Published in Al-Ahram Weekly on 30 - 11 - 2016

Twenty-lane highways and new roads with widths never seen before in Egypt with bus lanes, monorails and service roads – this was a glimpse of what the country's new administrative capital will look like and one that emerged this week at a conference at the American Chamber of Commerce in Cairo (AmCham).

According to Minister of Housing Mostafa Madbouli, the new administrative capital is planned as a sustainable and smart city. Speaking to participants at a real estate conference organised by AmCham, the minister said the infrastructure of the new city was bettered by very few cities elsewhere in the world.

Los Angeles, Singapore and Dubai were the benchmarks the new city would observe. The total area would be 180,000 acres, approximately the same size as Singapore, and the development of it would take place over the coming 50 years.

The minister acknowledged the controversies surrounding the new city, with some questioning the project. “It is a priority,” he said, adding that Egypt was already 15 years late in initiating it.
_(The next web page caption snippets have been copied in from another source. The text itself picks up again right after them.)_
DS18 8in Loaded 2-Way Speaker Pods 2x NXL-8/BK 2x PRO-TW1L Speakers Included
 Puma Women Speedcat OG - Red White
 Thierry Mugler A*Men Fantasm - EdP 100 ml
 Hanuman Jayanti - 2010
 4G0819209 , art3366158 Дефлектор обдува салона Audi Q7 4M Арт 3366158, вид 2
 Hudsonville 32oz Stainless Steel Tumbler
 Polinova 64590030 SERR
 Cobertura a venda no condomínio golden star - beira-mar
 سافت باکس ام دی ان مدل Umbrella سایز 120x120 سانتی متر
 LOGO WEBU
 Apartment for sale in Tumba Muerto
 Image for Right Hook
The new capital, located around 50km east of Cairo, will be in a central location between the logistical and industrial zone of the Suez Canal area and Cairo. Over the years, Cairo's natural growth has been towards the east, the minister explained, because there was no agricultural land there as there was in the Giza area to prevent such growth.

The targeted population for the new city was five million, said Ayman Ismail, chairman of the Administrative Capital for Urban Development (ACUD), the company in charge of developing the project. He pointed to the need to generate jobs and economic activity within the new city in order to attract a large population.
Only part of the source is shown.